[Stored data entries]
=== Section Start ===

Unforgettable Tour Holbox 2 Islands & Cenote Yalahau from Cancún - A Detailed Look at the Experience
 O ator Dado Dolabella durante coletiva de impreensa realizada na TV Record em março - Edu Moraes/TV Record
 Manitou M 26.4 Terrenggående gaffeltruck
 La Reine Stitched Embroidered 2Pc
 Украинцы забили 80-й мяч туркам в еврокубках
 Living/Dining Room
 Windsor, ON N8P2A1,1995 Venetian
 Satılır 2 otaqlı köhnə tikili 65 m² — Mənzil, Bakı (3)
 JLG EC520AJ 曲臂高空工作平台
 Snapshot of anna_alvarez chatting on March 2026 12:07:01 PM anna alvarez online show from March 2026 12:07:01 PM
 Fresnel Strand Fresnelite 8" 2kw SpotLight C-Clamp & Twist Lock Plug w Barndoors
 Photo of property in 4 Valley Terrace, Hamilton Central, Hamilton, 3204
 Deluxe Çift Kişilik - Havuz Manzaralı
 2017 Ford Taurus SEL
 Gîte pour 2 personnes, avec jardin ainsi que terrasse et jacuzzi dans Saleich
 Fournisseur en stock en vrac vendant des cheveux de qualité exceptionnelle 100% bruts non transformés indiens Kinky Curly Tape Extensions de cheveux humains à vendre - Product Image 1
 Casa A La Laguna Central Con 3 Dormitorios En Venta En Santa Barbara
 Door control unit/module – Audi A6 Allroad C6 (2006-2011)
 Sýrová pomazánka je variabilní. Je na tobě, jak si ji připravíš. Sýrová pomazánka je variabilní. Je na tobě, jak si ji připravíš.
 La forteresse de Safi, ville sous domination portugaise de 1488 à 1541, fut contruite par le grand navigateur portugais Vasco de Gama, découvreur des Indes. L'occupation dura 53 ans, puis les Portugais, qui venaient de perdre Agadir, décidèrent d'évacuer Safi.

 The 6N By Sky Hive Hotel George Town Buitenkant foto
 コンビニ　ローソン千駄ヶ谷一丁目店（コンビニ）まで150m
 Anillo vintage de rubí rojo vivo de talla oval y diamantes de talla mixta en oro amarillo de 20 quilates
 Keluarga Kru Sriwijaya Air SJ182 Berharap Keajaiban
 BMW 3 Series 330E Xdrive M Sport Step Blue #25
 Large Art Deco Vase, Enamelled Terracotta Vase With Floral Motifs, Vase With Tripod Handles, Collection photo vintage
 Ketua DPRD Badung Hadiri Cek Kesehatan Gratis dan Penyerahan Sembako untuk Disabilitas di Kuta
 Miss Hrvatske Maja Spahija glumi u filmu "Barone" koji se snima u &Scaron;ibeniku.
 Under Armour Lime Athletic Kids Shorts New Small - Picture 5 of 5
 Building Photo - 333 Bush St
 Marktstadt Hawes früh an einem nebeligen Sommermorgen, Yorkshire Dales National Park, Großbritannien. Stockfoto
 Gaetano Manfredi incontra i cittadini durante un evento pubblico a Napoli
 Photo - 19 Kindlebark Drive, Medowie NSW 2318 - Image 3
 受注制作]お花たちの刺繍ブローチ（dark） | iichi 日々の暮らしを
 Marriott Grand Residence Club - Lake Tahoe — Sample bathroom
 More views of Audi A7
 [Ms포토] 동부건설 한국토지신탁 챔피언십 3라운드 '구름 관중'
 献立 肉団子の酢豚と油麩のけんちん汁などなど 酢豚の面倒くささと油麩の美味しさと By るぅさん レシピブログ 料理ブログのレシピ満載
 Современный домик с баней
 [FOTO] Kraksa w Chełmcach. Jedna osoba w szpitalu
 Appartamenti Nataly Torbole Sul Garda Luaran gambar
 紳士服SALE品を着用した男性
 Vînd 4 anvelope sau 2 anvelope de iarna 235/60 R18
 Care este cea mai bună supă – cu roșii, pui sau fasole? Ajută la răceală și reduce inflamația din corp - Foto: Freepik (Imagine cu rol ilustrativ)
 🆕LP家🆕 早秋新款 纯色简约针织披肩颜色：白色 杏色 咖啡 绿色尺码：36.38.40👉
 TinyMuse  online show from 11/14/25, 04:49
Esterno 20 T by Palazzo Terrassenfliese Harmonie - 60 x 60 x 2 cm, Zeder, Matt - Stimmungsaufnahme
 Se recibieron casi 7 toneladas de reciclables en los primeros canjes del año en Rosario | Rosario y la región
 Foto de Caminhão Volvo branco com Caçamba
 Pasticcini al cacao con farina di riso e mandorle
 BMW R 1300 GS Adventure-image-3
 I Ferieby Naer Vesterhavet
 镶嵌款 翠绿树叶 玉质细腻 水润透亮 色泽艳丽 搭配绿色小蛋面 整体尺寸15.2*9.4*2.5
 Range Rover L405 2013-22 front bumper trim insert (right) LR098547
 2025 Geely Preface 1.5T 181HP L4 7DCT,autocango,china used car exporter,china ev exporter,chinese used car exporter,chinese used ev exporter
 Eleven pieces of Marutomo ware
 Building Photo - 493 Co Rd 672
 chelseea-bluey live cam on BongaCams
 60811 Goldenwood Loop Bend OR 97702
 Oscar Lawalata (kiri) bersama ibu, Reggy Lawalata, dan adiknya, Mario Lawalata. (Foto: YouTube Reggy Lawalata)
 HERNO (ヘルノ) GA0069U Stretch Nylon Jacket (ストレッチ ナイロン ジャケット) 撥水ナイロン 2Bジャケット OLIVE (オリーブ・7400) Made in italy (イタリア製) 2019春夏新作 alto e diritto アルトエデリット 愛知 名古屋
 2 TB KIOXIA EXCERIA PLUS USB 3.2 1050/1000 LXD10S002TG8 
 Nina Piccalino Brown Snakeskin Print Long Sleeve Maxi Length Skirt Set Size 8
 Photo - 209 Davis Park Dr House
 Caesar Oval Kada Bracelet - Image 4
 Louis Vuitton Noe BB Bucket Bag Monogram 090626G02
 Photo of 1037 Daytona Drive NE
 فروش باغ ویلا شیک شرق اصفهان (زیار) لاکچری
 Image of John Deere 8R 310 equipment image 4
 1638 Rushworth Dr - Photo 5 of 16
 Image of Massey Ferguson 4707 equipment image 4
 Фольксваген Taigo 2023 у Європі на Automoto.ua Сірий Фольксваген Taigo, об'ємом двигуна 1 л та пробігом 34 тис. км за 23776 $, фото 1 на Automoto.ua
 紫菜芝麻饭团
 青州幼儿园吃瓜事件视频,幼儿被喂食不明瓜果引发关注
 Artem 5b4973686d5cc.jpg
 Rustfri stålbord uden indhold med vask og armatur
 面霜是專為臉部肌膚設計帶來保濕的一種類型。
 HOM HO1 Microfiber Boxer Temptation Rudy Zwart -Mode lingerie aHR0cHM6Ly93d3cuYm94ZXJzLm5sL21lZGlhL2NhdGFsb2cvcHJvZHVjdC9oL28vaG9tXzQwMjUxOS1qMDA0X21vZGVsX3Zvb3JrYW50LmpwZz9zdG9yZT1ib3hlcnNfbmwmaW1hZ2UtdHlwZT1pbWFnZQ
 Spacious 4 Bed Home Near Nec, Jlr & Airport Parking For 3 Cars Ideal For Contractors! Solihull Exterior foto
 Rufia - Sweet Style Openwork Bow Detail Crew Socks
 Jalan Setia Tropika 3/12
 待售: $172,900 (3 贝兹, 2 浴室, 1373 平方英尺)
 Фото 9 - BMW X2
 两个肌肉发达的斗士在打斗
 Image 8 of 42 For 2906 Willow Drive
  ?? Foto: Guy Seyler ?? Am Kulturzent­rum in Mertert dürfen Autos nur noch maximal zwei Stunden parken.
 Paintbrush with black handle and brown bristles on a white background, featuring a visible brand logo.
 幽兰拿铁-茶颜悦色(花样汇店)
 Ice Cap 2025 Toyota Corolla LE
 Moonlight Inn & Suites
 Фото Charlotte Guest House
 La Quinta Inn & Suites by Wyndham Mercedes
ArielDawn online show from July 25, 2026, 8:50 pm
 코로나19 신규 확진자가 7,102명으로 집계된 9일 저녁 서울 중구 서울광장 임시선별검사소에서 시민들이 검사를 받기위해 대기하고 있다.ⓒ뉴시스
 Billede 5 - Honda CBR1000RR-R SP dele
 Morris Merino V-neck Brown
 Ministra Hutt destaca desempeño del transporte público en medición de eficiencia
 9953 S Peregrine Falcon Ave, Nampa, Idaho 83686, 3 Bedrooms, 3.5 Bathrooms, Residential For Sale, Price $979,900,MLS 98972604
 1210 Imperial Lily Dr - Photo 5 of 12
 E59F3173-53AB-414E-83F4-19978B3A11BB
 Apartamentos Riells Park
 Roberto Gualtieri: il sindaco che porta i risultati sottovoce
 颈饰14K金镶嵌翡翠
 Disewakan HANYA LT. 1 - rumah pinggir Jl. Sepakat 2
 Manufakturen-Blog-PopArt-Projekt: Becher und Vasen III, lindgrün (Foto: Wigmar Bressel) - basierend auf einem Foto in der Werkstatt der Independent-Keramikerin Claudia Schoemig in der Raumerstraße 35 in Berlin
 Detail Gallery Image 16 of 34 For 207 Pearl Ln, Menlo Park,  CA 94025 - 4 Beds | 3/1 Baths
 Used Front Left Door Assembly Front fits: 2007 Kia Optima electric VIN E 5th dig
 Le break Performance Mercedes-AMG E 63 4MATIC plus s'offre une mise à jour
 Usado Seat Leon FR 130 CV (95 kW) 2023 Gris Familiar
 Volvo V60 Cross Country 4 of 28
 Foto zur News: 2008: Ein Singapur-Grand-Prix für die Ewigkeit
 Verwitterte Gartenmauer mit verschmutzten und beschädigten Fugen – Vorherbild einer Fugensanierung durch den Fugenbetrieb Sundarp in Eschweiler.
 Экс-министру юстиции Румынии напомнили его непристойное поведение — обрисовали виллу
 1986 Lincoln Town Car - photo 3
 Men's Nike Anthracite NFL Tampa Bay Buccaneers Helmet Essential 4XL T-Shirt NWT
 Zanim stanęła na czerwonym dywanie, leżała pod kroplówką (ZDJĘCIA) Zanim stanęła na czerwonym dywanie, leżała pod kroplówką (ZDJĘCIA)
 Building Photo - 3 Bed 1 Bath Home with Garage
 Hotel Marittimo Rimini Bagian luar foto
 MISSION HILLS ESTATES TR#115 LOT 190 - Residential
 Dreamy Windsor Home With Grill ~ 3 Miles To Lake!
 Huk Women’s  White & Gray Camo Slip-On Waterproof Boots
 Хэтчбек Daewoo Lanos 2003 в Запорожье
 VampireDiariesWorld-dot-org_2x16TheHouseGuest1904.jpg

=== Section End ===

Required action: Write only the number of lines in the data above that include "Residential".

Exercise result: 2